* **Record set**:
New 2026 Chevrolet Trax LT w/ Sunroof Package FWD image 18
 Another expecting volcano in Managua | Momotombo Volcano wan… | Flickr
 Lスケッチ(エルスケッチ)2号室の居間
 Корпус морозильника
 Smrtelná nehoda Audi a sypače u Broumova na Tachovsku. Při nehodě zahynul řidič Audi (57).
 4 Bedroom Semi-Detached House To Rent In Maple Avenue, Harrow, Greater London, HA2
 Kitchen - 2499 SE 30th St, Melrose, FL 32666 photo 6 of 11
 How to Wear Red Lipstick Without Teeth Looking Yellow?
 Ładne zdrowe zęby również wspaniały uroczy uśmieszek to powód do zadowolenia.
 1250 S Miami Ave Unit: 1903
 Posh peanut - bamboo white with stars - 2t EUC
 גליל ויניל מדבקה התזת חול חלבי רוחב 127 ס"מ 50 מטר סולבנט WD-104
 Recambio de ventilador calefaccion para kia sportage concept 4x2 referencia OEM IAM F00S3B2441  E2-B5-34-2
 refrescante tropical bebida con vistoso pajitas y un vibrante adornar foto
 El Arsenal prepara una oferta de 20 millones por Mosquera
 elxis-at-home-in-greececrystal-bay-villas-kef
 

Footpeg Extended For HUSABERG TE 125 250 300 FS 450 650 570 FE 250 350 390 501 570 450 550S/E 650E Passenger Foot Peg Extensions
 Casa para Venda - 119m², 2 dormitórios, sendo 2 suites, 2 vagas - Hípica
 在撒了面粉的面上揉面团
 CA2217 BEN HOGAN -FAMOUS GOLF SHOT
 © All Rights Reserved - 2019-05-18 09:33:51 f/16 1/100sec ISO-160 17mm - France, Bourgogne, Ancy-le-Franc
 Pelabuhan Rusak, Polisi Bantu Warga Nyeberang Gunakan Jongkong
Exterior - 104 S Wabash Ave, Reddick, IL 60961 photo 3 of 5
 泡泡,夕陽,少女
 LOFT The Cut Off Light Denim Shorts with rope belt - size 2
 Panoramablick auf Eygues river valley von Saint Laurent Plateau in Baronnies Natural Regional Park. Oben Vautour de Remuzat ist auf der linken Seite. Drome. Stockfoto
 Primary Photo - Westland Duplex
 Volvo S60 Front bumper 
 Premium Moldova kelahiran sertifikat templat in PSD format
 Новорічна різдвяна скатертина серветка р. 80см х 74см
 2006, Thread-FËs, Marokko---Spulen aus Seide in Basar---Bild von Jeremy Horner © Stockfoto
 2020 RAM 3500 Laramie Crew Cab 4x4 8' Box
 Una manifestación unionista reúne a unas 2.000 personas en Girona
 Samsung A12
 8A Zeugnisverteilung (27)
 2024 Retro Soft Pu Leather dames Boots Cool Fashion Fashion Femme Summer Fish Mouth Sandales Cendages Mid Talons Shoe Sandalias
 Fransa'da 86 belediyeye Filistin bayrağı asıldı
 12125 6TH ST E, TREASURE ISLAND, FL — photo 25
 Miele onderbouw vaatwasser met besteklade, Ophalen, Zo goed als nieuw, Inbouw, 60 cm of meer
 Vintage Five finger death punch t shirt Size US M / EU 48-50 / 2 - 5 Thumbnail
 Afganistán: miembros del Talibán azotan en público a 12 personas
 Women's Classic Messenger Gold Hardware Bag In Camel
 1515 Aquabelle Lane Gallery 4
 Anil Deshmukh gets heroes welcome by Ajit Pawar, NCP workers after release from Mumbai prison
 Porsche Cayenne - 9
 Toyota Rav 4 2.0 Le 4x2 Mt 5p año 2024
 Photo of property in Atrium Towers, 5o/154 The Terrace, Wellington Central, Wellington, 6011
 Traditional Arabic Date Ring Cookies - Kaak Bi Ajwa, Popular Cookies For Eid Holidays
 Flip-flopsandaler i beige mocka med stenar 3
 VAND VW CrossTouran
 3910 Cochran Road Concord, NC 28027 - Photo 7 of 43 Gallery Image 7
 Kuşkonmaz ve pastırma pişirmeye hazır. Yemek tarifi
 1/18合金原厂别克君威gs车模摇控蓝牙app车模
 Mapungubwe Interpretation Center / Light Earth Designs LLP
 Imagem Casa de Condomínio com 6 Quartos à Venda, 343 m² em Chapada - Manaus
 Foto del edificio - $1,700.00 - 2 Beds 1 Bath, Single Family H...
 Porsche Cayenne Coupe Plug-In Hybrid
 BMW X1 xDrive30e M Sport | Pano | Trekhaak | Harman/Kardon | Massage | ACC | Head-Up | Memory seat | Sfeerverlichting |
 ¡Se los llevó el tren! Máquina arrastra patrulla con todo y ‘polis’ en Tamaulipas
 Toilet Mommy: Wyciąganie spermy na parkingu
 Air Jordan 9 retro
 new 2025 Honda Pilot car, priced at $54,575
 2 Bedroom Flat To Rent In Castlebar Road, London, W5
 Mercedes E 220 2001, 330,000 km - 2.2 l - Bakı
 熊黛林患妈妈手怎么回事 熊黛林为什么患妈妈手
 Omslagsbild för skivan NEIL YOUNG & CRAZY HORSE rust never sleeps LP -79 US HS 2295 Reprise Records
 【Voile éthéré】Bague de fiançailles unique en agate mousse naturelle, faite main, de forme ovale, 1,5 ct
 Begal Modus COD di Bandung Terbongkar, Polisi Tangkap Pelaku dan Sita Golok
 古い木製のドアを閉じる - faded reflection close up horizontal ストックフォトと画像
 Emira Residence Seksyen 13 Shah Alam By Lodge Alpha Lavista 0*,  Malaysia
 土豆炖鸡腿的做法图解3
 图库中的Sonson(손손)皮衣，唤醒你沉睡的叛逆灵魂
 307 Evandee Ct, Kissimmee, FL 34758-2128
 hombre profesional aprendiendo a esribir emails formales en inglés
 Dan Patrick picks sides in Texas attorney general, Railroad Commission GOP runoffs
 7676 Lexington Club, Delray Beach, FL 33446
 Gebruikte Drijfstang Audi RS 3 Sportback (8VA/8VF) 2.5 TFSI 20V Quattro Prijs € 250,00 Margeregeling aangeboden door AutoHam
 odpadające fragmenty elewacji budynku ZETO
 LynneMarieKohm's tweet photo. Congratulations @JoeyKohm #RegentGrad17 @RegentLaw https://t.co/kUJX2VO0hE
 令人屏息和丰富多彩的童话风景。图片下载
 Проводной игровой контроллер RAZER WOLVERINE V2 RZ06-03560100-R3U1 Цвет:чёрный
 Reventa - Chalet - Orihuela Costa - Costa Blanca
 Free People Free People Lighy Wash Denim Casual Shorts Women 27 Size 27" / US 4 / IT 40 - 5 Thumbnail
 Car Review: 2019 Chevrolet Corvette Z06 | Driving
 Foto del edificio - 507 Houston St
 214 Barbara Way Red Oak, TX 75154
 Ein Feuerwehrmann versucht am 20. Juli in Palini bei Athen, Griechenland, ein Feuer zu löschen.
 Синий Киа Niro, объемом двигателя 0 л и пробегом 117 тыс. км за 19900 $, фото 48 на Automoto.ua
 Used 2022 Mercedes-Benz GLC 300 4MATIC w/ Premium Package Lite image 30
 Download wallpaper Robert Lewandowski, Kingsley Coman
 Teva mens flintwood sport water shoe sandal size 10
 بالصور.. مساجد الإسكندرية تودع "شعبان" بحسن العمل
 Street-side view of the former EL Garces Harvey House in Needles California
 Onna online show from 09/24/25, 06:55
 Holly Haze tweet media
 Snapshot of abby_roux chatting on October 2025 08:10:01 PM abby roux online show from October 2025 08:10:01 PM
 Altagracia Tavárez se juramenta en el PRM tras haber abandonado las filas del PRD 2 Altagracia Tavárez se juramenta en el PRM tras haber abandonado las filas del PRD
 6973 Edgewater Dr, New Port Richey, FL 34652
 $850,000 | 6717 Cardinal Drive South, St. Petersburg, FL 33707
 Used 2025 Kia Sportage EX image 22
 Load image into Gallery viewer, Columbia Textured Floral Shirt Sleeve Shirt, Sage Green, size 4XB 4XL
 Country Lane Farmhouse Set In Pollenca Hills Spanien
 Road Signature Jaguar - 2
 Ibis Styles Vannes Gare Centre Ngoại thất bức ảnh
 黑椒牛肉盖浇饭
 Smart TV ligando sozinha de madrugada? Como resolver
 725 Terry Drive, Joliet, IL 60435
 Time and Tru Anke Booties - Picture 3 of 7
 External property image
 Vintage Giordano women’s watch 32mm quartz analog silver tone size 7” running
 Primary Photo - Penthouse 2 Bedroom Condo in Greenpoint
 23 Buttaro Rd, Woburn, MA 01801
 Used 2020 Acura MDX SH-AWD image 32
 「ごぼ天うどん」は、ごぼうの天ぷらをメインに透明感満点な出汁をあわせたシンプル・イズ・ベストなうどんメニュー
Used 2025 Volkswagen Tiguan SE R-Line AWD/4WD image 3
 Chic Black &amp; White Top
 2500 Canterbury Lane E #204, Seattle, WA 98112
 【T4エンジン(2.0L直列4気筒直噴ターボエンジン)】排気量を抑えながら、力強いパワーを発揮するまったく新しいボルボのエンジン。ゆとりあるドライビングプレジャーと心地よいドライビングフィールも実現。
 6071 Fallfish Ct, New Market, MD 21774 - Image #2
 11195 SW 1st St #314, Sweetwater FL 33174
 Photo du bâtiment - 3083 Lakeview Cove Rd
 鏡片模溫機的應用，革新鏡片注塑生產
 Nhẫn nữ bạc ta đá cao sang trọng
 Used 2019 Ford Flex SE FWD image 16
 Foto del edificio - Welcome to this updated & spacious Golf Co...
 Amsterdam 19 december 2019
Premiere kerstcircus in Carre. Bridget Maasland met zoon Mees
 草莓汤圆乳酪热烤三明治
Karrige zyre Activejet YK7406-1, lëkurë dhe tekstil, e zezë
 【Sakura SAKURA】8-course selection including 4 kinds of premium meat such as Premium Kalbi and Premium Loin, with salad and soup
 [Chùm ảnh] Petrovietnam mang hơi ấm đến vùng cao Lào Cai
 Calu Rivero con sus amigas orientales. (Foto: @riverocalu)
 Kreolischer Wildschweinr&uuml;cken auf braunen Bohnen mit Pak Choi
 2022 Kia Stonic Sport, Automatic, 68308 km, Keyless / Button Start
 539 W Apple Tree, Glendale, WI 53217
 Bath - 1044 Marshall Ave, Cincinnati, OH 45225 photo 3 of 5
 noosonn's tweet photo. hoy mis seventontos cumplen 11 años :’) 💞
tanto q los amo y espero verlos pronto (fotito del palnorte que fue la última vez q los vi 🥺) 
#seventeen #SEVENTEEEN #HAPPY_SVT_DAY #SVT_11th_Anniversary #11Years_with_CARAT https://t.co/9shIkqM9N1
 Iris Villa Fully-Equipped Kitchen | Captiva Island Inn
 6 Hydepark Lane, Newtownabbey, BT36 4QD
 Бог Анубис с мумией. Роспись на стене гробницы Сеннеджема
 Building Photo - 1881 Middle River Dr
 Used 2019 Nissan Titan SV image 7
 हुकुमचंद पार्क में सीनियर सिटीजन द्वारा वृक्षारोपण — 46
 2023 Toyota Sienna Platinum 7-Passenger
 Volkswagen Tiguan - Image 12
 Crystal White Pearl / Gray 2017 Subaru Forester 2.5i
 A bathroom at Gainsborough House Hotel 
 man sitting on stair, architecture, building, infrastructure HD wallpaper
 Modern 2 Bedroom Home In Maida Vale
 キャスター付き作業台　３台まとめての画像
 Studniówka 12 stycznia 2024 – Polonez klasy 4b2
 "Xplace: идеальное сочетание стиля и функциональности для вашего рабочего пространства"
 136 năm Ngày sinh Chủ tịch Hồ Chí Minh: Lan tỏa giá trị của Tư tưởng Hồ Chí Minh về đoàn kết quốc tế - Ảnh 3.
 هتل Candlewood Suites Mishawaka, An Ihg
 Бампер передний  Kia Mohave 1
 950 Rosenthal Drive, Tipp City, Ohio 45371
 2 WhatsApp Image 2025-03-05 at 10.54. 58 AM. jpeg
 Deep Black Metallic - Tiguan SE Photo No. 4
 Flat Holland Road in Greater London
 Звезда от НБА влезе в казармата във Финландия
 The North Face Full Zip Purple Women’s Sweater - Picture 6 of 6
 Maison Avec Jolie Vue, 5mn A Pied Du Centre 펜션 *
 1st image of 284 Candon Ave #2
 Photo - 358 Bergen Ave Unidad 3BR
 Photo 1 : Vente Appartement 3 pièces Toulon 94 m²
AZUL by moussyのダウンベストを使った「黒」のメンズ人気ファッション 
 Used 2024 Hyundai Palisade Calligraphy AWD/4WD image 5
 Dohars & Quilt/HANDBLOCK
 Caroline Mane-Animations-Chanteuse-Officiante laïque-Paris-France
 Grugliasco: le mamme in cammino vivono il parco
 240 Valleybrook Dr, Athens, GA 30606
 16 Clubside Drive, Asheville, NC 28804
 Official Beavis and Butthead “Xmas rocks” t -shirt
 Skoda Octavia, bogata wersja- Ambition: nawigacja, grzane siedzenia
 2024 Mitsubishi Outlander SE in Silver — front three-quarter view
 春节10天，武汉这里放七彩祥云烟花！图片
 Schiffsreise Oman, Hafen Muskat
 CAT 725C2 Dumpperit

* **Problem to solve**: If the string "Greater" appears in a line of the data above, that line counts. State how many such lines there are and nothing more.

* **Written response**: 2